=== Listed records ===
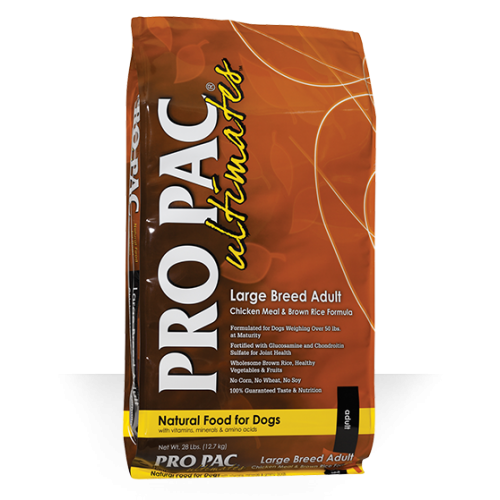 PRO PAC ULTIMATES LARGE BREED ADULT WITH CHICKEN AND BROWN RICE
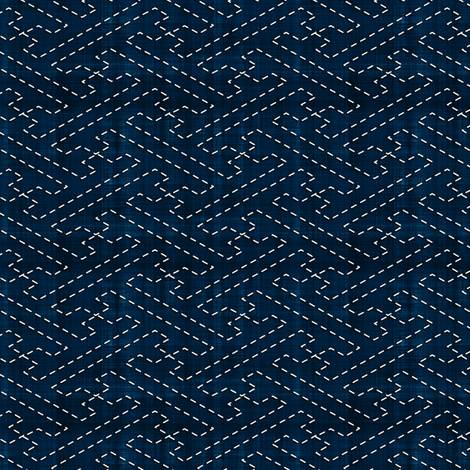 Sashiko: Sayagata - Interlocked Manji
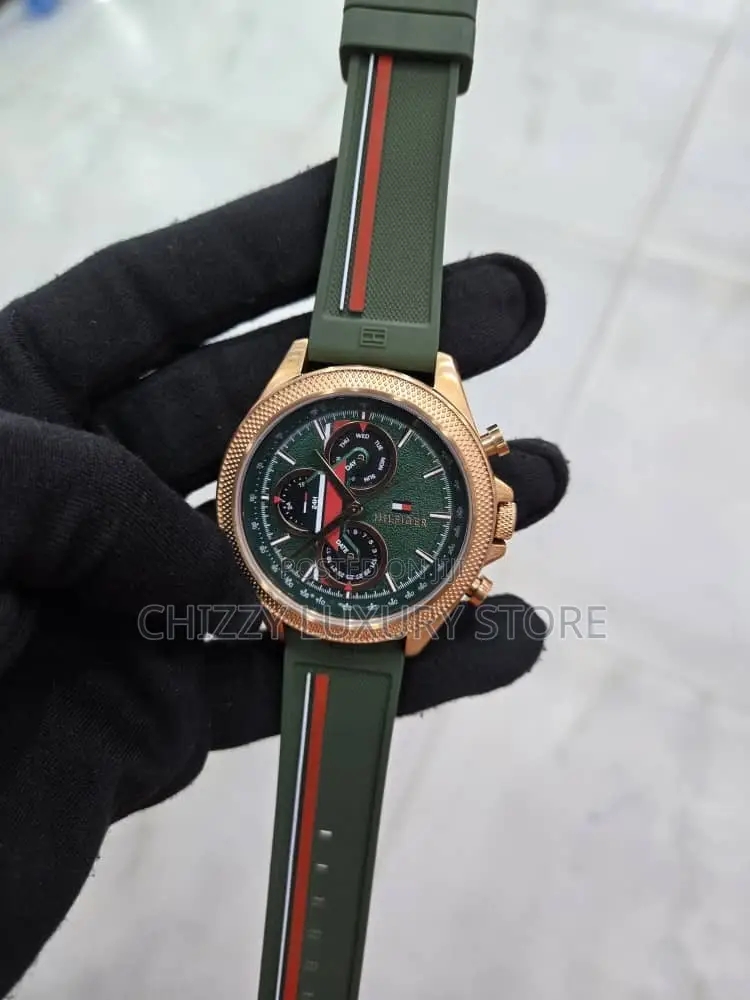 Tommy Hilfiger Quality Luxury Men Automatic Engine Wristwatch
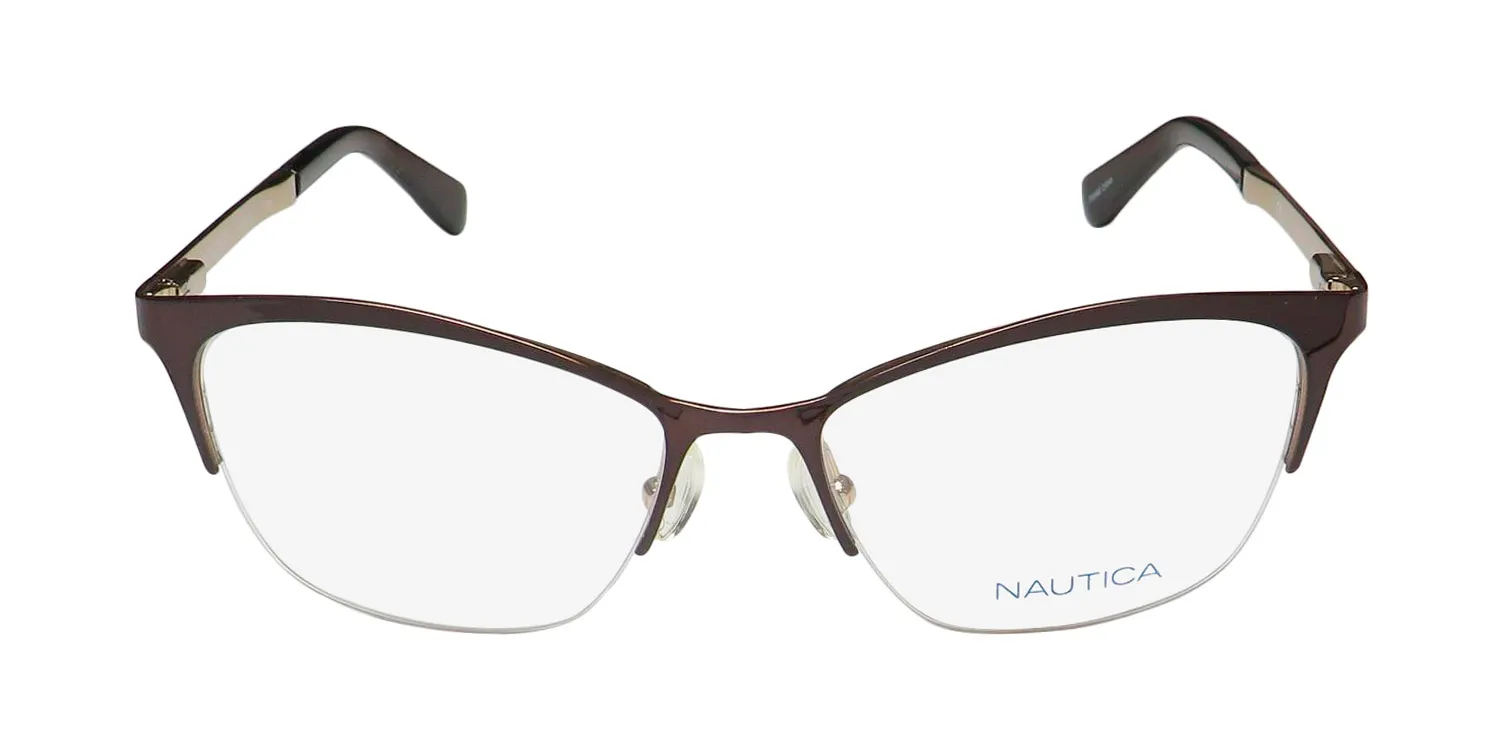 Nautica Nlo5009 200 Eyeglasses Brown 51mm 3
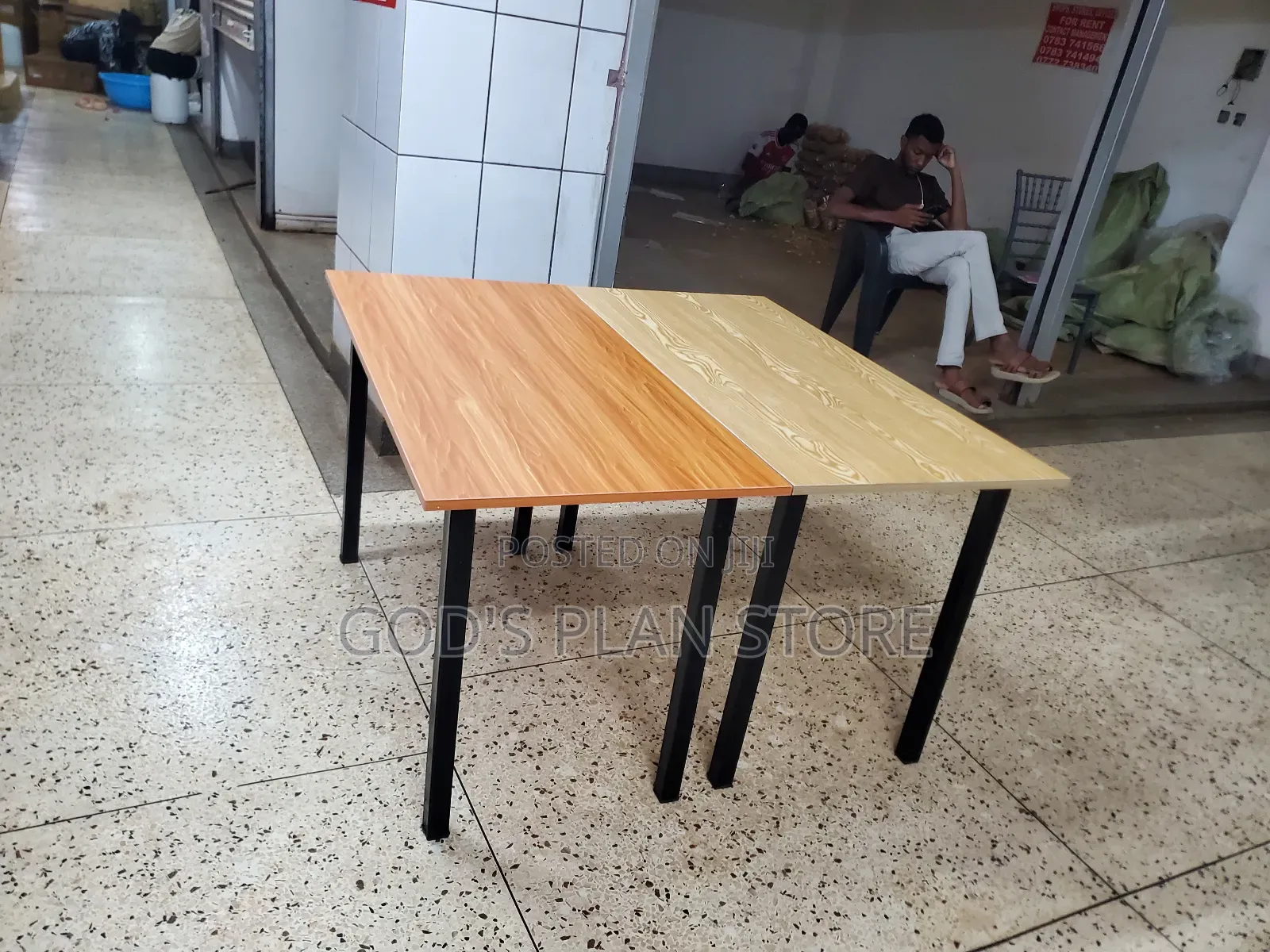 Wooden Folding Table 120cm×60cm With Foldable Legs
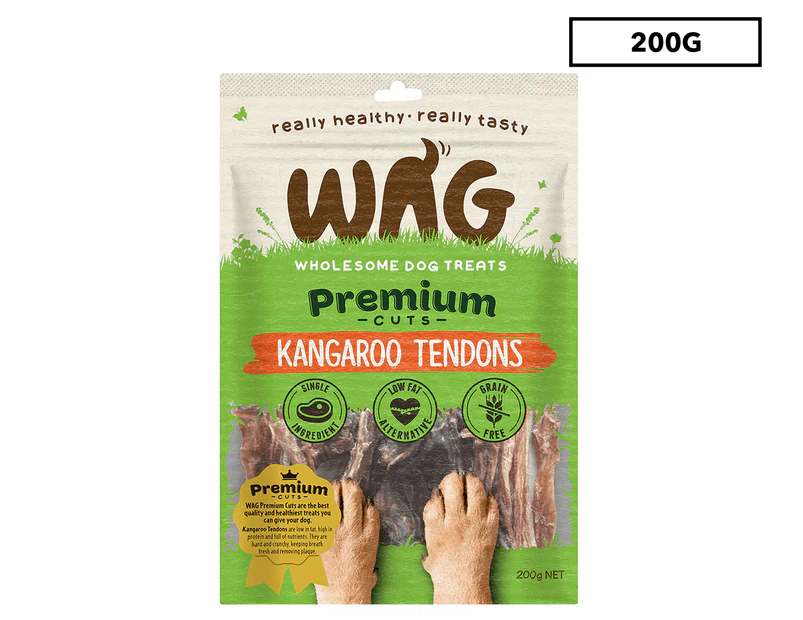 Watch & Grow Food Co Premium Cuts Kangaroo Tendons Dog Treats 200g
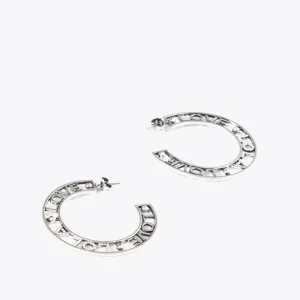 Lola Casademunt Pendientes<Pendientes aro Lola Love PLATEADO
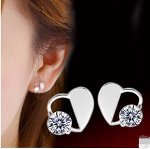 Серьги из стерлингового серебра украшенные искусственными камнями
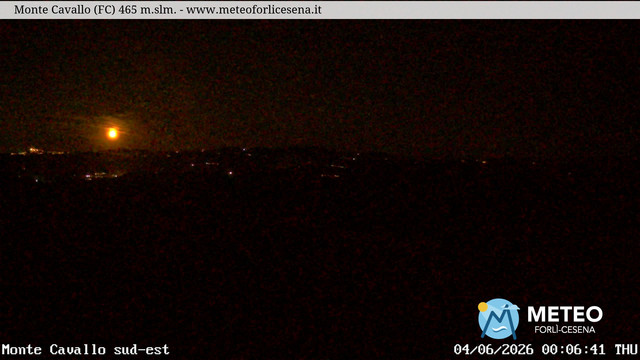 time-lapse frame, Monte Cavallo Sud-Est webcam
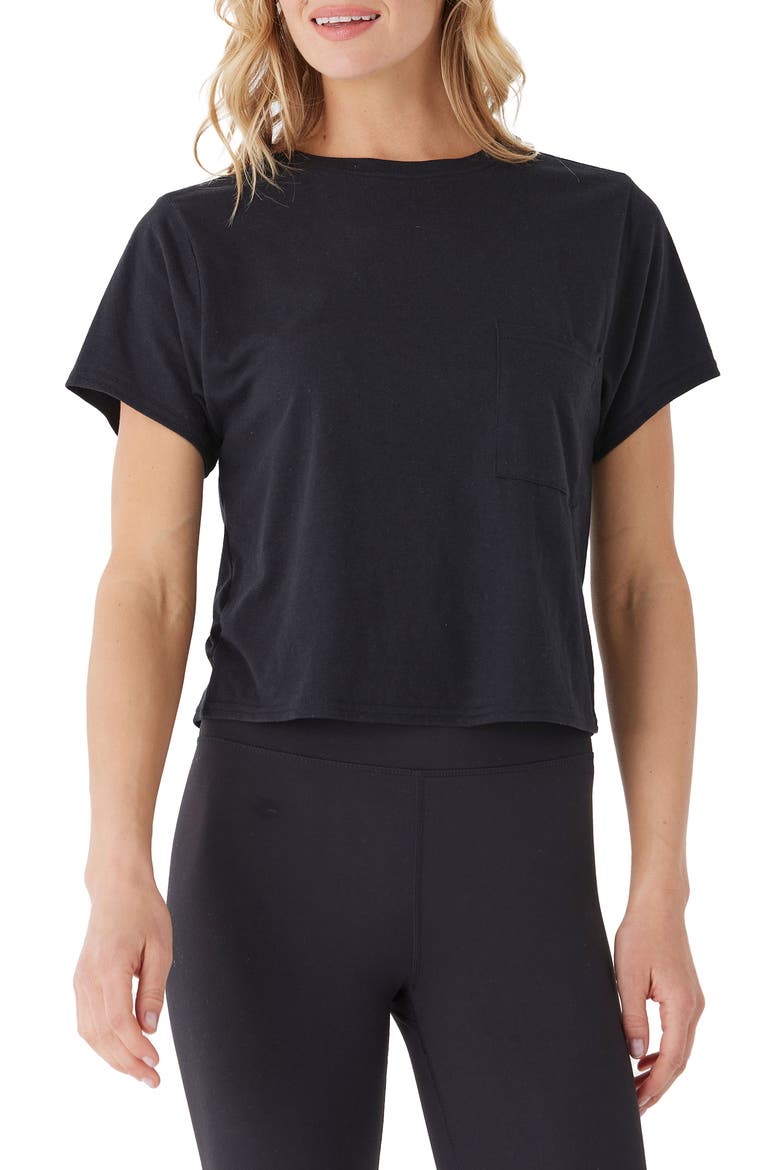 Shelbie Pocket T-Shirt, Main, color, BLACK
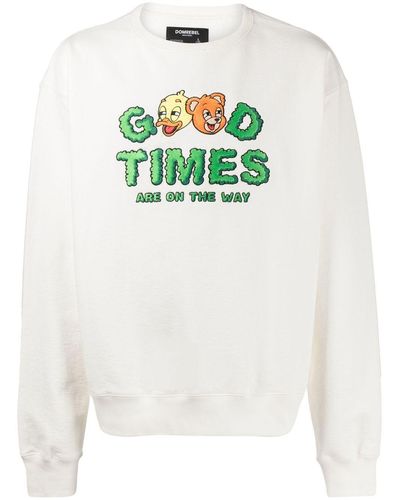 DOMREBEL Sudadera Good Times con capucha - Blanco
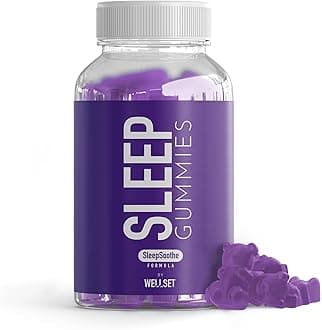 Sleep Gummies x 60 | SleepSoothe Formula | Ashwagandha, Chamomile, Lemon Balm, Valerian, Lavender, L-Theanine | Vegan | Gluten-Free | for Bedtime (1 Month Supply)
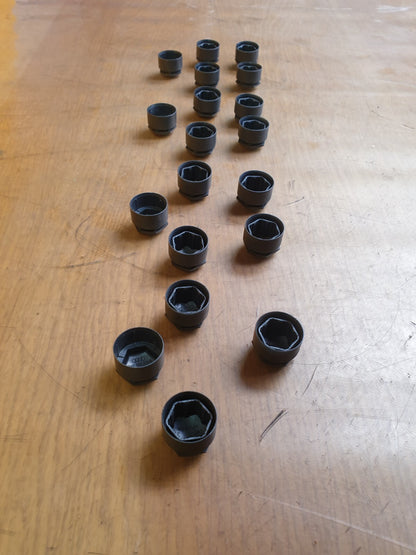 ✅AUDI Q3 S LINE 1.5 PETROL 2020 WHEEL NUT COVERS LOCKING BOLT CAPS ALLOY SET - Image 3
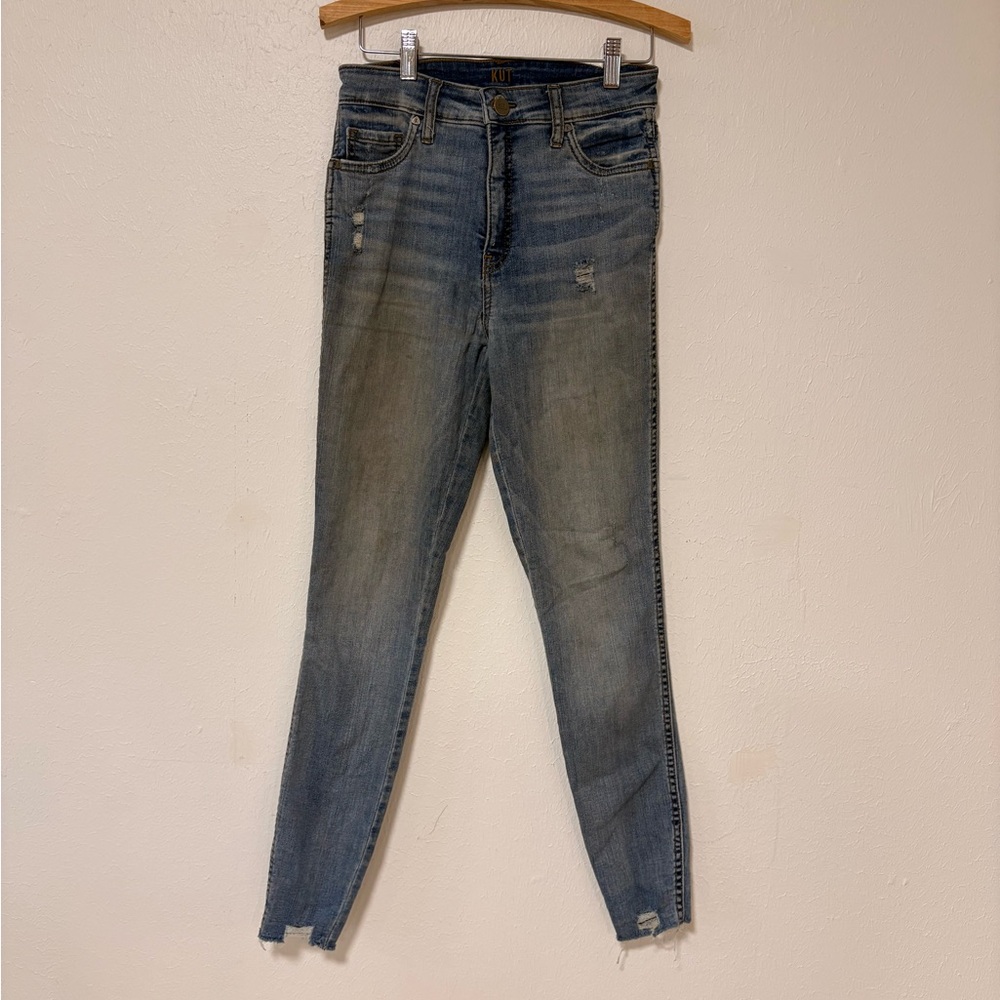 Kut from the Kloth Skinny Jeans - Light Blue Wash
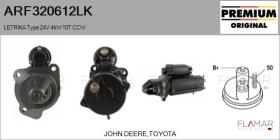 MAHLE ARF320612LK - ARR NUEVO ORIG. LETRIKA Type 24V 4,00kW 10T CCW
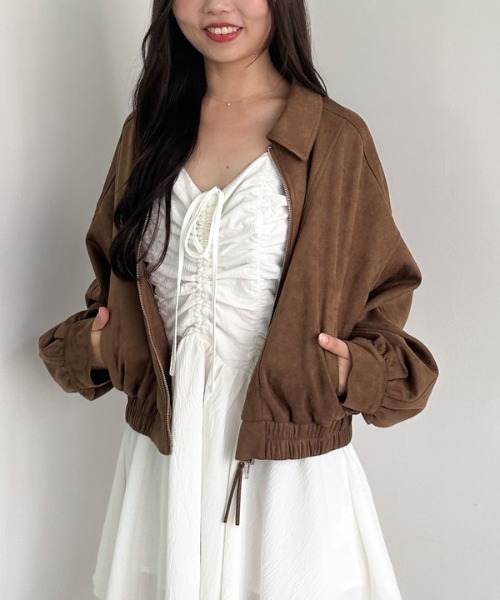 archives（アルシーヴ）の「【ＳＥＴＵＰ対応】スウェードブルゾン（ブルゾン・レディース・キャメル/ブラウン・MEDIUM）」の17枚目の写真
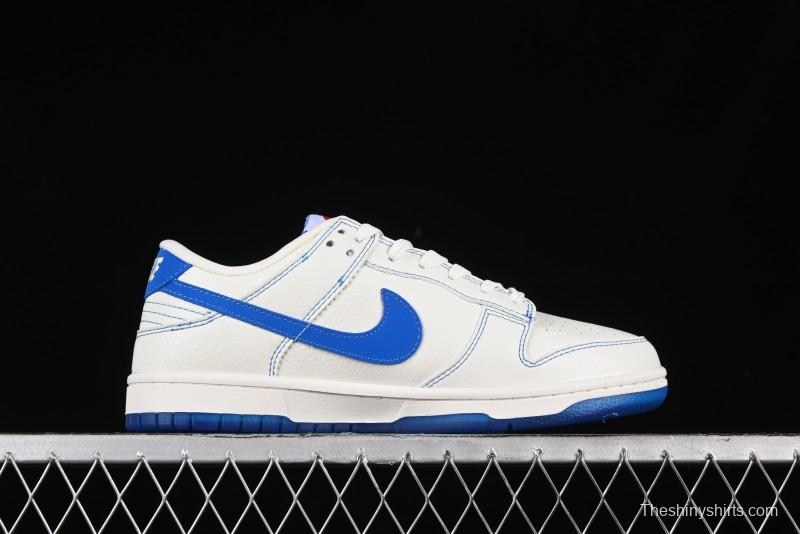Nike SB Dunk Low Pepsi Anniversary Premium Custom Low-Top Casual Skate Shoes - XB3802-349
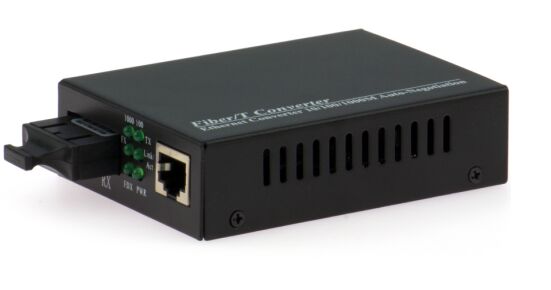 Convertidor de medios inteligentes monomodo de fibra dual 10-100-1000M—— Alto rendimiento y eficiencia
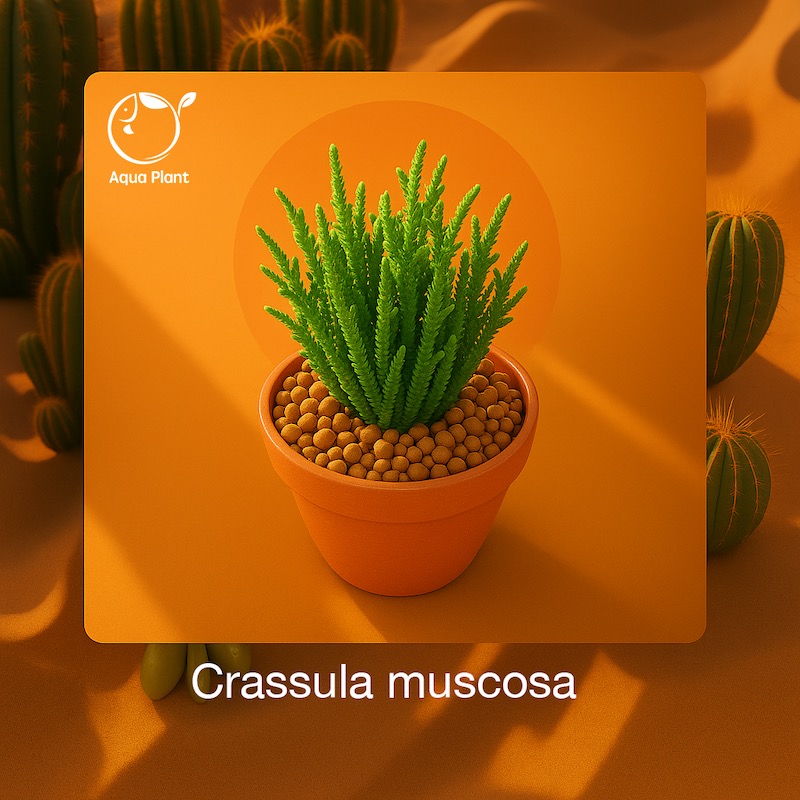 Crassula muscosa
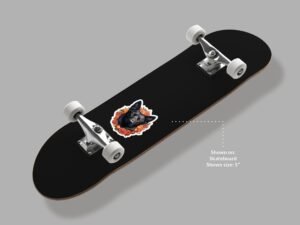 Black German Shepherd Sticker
===
Exercise aim –
In full and without changes, repeat the listing above, but not its pictures.

Written solution –
 PRO PAC ULTIMATES LARGE BREED ADULT WITH CHICKEN AND BROWN RICE
 Sashiko: Sayagata - Interlocked Manji
 Tommy Hilfiger Quality Luxury Men Automatic Engine Wristwatch
 Nautica Nlo5009 200 Eyeglasses Brown 51mm 3
 Wooden Folding Table 120cm×60cm With Foldable Legs
 Watch & Grow Food Co Premium Cuts Kangaroo Tendons Dog Treats 200g
 Lola Casademunt Pendientes<Pendientes aro Lola Love PLATEADO
 Серьги из стерлингового серебра украшенные искусственными камнями
 time-lapse frame, Monte Cavallo Sud-Est webcam
 Shelbie Pocket T-Shirt, Main, color, BLACK
 DOMREBEL Sudadera Good Times con capucha - Blanco
 Sleep Gummies x 60 | SleepSoothe Formula | Ashwagandha, Chamomile, Lemon Balm, Valerian, Lavender, L-Theanine | Vegan | Gluten-Free | for Bedtime (1 Month Supply)
 ✅AUDI Q3 S LINE 1.5 PETROL 2020 WHEEL NUT COVERS LOCKING BOLT CAPS ALLOY SET - Image 3
 Kut from the Kloth Skinny Jeans - Light Blue Wash
 MAHLE ARF320612LK - ARR NUEVO ORIG. LETRIKA Type 24V 4,00kW 10T CCW
 archives（アルシーヴ）の「【ＳＥＴＵＰ対応】スウェードブルゾン（ブルゾン・レディース・キャメル/ブラウン・MEDIUM）」の17枚目の写真
Nike SB Dunk Low Pepsi Anniversary Premium Custom Low-Top Casual Skate Shoes - XB3802-349
 Convertidor de medios inteligentes monomodo de fibra dual 10-100-1000M—— Alto rendimiento y eficiencia
 Crassula muscosa
 Black German Shepherd Sticker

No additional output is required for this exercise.